Two big Alexandria real estate deals — the sale of the city's largest home and the Kings Row redevelopment site in Old Town — could potentially end two court cases involving real estate investor and developer Peter Labovitz.
The developments come nearly 15 months after Labovitz, the former president and CEO of Connection Newspapers, filed for Chapter 11 bankruptcy protection less than 24 hours before a pretrial conference in a case brought by the Department of Justice in the U.S. District Court for the Eastern District of Virginia. The goal of that case, which has been stayed by the bankruptcy filing, is to collect $3 million in unpaid tax liabilities that date back to a June 2013 civil court order, according to the DOJ complaint.
Labovitz’s bankruptcy attorneys in July filed a reorganization plan that proposed using the proceeds from the sale of 510 Wolfe St., a 14,000-square-foot home at 510 Wolfe St. he owns with his wife, Sharon, to pay off various claims, including by the IRS. That plan was withdrawn earlier this month, but Labovitz told me he expects the eventual sale to end his ongoing court fight with the DOJ.
The home at 510 Wolfe, built in 1854 and widely believed to the largest in Old Town, has sat on the market for 200 days, most recently at an asking price of $8.5 million. Babs Beckwith of Corcoran McEnearney changed the listing from “for sale” to “contingent” on Friday. The contract price was not available.
Labovitz also controls Dechantal Associates LLC, owner of the Kings Row property near the King Street Metro station that is fully entitled for multifamily redevelopment. Dechantal last week enlisted brokerage Feldman Ruel to sell Kings Row, a half-dozen adjacent townhouses at 1604-1614 King St. and a small lot in the rear at 1604 Dechantal St.
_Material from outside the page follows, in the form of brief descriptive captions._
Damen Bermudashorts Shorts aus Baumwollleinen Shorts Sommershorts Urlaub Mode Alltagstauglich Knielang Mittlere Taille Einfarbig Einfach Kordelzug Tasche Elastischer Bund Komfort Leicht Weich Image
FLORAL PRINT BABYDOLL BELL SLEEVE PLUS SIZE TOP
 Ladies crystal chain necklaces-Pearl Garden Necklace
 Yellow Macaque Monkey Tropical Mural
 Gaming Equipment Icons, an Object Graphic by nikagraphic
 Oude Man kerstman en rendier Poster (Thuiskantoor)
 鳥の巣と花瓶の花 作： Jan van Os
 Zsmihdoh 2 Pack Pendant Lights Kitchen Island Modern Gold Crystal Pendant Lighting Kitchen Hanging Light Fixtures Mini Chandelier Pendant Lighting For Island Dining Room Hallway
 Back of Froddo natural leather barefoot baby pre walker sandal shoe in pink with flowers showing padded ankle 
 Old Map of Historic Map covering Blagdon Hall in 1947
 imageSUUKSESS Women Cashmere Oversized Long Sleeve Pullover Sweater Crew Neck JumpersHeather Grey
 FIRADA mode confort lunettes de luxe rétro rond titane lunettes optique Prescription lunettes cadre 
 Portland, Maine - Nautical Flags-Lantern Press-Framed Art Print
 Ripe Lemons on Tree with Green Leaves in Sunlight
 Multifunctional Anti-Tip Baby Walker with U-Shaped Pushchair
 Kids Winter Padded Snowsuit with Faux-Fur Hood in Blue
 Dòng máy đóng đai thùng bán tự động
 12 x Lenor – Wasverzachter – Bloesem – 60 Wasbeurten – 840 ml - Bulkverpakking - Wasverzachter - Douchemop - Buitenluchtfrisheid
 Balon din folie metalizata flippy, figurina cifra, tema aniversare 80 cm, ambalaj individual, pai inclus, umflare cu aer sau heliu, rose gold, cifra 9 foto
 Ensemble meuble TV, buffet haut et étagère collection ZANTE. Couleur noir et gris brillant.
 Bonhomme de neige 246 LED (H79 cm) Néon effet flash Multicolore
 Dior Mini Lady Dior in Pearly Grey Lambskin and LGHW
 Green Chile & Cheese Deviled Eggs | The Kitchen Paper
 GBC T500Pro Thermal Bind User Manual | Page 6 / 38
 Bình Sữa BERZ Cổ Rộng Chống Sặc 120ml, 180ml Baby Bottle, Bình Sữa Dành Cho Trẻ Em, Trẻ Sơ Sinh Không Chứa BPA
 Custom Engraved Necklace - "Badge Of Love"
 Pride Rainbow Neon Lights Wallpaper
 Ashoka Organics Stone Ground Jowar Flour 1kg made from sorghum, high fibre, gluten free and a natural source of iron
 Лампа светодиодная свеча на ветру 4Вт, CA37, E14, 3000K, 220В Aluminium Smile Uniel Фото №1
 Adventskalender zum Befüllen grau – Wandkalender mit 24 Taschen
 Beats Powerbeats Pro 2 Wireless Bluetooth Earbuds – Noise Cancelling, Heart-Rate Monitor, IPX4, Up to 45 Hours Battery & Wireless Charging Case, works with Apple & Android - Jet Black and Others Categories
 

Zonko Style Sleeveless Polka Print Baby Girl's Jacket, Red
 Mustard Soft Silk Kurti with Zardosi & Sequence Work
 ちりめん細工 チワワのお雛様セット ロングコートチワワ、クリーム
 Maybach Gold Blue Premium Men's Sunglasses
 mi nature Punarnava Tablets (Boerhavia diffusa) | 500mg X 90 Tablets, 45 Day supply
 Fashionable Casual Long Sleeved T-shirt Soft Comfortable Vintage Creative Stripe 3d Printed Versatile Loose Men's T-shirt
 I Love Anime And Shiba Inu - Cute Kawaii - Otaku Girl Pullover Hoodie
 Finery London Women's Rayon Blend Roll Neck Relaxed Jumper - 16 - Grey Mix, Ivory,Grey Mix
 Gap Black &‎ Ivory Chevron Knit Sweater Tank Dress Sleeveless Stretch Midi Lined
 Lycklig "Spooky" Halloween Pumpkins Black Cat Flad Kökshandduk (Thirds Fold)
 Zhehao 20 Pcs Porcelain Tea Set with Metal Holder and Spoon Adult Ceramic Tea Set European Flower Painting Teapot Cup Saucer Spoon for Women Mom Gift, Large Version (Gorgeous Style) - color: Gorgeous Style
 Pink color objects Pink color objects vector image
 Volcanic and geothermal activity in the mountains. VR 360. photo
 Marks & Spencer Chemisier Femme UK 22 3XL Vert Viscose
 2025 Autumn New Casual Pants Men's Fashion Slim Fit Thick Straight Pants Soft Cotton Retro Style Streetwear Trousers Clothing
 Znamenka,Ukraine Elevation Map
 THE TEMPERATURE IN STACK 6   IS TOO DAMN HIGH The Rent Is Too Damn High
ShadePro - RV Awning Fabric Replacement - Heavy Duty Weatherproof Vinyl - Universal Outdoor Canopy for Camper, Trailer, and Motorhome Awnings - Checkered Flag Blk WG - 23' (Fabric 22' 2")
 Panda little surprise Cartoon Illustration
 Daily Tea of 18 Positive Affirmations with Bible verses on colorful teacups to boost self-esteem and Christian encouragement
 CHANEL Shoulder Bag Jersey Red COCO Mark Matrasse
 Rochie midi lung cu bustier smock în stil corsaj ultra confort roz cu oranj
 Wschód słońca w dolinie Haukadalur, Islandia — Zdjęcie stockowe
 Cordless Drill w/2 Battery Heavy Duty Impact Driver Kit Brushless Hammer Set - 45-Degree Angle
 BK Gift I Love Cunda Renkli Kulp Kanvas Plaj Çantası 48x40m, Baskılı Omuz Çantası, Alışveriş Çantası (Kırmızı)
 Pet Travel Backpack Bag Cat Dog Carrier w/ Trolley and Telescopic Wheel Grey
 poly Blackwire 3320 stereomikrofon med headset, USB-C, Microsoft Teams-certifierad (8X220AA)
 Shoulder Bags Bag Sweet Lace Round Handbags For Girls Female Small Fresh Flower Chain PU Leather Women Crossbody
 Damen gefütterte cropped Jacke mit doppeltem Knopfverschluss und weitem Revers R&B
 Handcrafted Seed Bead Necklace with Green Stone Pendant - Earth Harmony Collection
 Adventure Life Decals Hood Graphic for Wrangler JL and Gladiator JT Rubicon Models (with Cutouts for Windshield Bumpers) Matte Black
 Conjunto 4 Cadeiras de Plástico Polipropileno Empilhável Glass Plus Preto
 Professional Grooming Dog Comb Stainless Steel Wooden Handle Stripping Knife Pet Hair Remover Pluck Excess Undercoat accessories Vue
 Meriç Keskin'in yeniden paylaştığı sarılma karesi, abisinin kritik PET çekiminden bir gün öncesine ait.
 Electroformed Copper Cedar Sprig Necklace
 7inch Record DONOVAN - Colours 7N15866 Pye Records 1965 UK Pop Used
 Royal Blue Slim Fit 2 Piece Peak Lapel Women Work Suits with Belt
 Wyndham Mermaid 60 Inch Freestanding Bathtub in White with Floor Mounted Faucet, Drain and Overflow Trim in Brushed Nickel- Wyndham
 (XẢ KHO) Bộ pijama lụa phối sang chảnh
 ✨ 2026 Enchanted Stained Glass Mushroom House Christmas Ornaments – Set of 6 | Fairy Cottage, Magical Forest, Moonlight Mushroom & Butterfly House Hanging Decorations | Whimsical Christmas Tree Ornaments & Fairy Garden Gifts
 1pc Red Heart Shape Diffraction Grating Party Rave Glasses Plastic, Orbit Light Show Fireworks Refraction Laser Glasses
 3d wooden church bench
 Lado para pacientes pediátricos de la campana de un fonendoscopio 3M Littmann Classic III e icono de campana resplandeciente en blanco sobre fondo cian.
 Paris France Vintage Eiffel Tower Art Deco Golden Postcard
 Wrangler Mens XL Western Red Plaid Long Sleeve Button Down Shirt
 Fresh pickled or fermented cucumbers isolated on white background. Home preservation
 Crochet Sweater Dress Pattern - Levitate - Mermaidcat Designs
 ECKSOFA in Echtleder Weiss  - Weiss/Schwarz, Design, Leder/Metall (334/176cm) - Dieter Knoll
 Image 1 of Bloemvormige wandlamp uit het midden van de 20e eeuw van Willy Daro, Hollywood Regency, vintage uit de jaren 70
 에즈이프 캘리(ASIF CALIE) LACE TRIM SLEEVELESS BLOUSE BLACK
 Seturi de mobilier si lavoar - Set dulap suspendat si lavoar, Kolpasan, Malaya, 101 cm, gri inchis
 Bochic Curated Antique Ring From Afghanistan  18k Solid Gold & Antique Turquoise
Labovitz said the sale is unrelated to the bankruptcy.
The site is approved for a new eight-story, 44-unit multifamily building, the conversion of five of the townhomes into 10 additional units and a 59-space subterranean garage.
“I think it’s a very attractive opportunity,” said Tanner Scales of Feldman Ruel. “There’s very limited supply of developable real estate along King Street anymore,” and the prices for townhomes and condos are sky high right now in Alexandria.
Dechantal has owned the 80-year-old townhouses — one of which, 1614 King, was destroyed by arson in 1999 — since 1986. The owner has pitched all manner of redevelopment options over the decades including hotel, office, condo and multifamily, finally landing the current plan in 2024.
The offering is unpriced and on a request-for-offers basis, per Feldman Ruel. The six townhomes, flanked on one side by a Hampton Inn and the other by the Archer Hotel Old Town Alexandria, have a combined assessed value of about $4.4 million, though that does not take into account the value of the entitlements.
In both U.S. District and U.S. Bankruptcy courts, DOJ attorneys have asked judges to order that the United States has valid and current liens on Labovitz’s interests in 510 Wolfe, DCI Publishing of Alexandria Inc., Dechantal and Station Center Associates — the latter is an office building at 1700 Diagonal Road that the partnership sold in 2019 for $20.85 million.
In September 2011, Labovitz was sentenced to six months in prison for failing to pay income and Federal Insurance Contribution Act taxes for Connections Newspapers LLC for a six-month period in 2007. The June 2013 civil judgment against Labovitz covered $2 million in unpaid federal taxes withheld from the wages of employees of DCI Publishing and Connection Publishing over multiple periods between 1998 and 2000, per court documents. With "statutory accruals," that judgment had climbed to $3.002 million as of June 30, 2023, according to court records.
DOJ lawyers have repeatedly argued in recent court filings that Labovitz “orchestrated a series of fraudulent conveyances and nominee transactions to obstruct, hinder, and delay the collection of his tax liabilities” and to “prevent the United States from foreclosing on his property interests to satisfy the tax liabilities underlying the judgment.”
The government has proposed converting the Chapter 11 bankruptcy to Chapter 7, though that motion has been stayed due to the federal shutdown. “Absent an appropriation, Department of Justice attorneys are prohibited from working, even on a voluntary basis, except in very limited circumstances,” the DOJ wrote in its Oct. 7 motion to stay the conversion.